Said someone, eyeing the skip four floors below. The wasn’t much of a discussion, in a trice a cupboard was hanging out of the window and so were the jannies, we all wanted to see this. It was heaved out. The first thing that we all noticed was that it wasn’t going to hit the skip. Then there was the noise. We weren’t the only people to notice the noise. Remember it was a quiet Sunday morning, the sound of a cupboard exploding after a hundred feet drop was noticeable. Almost immediately the windows of tenements opposite were filled with faces. Scared pale faces. A noise that loud signalled nothing good.

We were professional, we knew just what to do — we locked up the school and fled to the pub. I was sent back later to sweep up the remains of the cupboard, but we never heard anything more about it. Probably did the neighbours some good — a wee bit of adrenaline on a Sunday morning.

the jape

Mike was on a diet, which annoyed me. Not because he was on a diet, but because he was cheating and lying about it. He was on the Complan and he claimed to have, “just a bowl of soup’ for his lunch. I was suspicious so I asked Bonny, from the kitchen, about it. Bonny’s eyes flashed, and although I couldn’t see any steam I heard it venting from her head, “bowl of soup? bowl of soup? He has at least three courses, and as many extra puddings as he can cram down his fat gob.” It was as I expected.

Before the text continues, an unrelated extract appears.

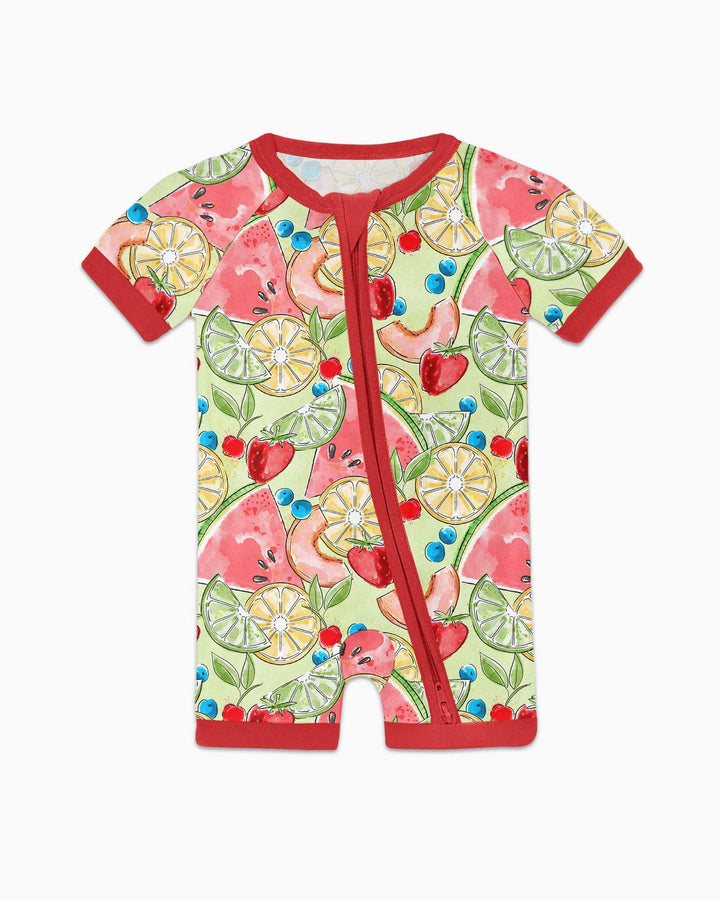 Sweet Summer Fruits Family Matching Bamboo Shorty Zippy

I should explain Mike’s lunch routine, it’s going to be important to what follows. Drunk or sober, Mike always went down to the kitchen for lunch where there was a table reserved for staff. The Head (Tom D.) had his lunch there, who Mike liked to hobnob with. I went once, which was once too often. Mike always put on his uniform jacket for the occasion.

In those days our uniform consisted of a grey suit. Mostly we just wore the trousers; wee John and I, who were working jannies, wore the traditional brown dustcoats, mine festooned with costume jewellery. Why? Somebody lost a broach, which I put on my dustcoat with the idea that they’d see it and claim it. People started to give me jewels, eventually I had quite a collection. Yes, I was an arse then too. Mike’s jacket, which lived on the back of his chair, was festooned too, not with tasteful baubles but with union badges and the like. He always wore it to lunch.

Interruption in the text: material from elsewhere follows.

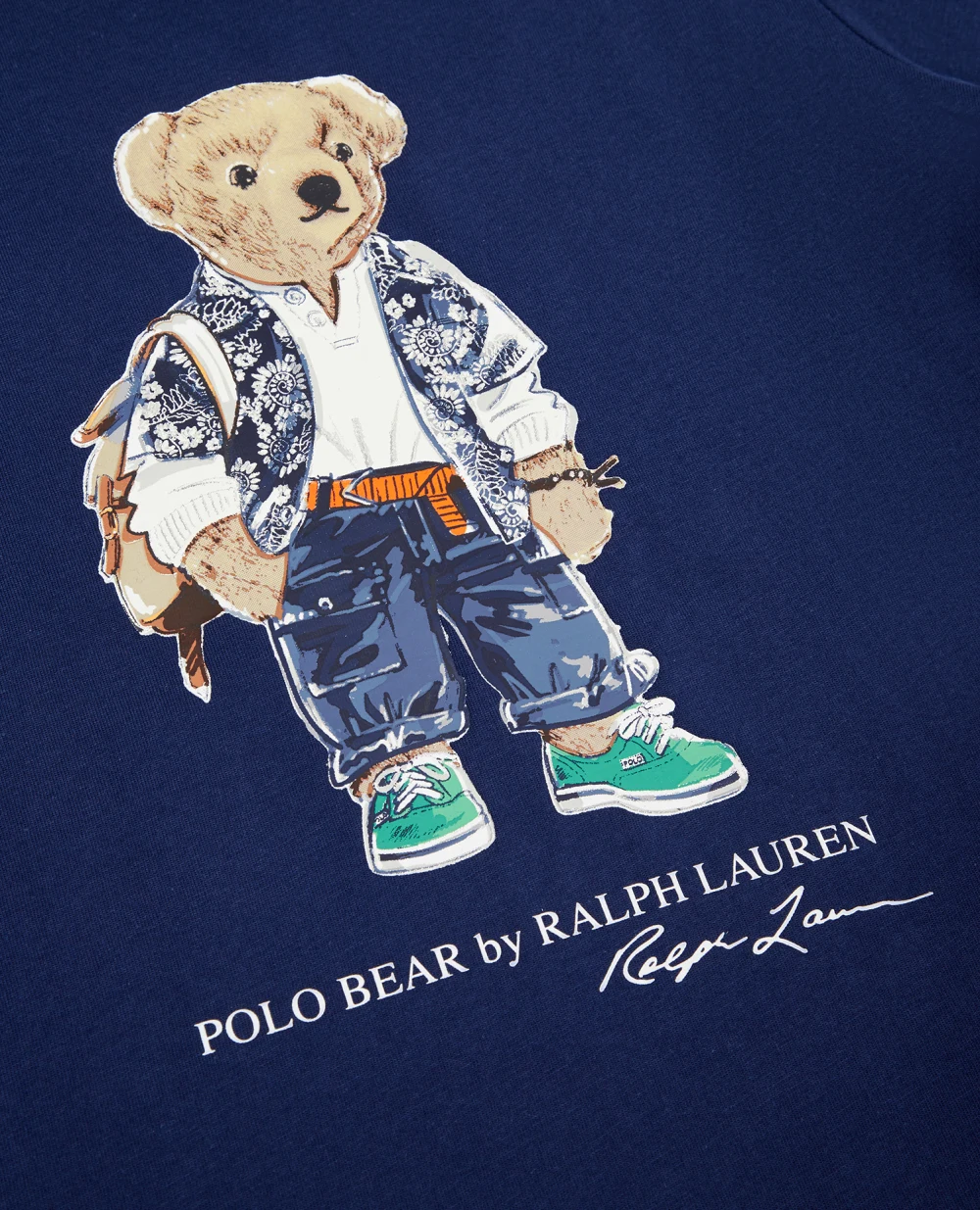 Детская футболка Polo Bear Polo Ralph Lauren Kids 320853828018, синий цвет • Купить в интернет-магазине Kameron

Which gave me the idea — one jacket looked much like another; wee John’s was much smaller than Mike’s. A substitution might be arranged? So for the rest of the week we indulged in banter along the following lines:

——Are you sure you’re on a diet? You look like you’re putting on weight.

Come Friday the switch was made. Care was taken to ensure that the badges were correctly positioned and the contents of his pockets were transfered across. Just before lunch wee John and I took up position. Me at the counter, wee John bottom-perched on an apex of the filing cabinet in an attempt to assuage the wrath of his bum-grapes. Wee John was a martyr to his piles. Mike donned the jacket.

There was a slight pause as his arm extended out of the sleave more than usual but it was just a blip. The penny half dropped as he tried to get the other arm in, he took the jacket off and held it up. He turned it back and forth. Another attempt was made which failed in a similar manner.

——I told you were putting on weight, you don’t even fit into your jacket now.

——Perhaps Complan is fattening.

——Sure has porked Mike up.

At this point we started laughing and Mike realized what we’d done. He chucked the jacket on the floor.

——You f____ b____.

He stormed out without a jacket but in compensation he sported a head like a giant tomato. I decided to make myself scarce — He would have sensed that this was my idea and would have made me suffer. (He once made me clean the boiler house at St. Oswald’s, the janitorial version of being sent to the gulags, after I’d put up posters of him dressed as a clown collecting for red nose day labeled: Mad Cow Disease — shock new findings.

——Tell him I’ve been sent to North Merchy. I said over my shoulder as I headed for the pub.

My only regret is that we didn’t loosen the seams.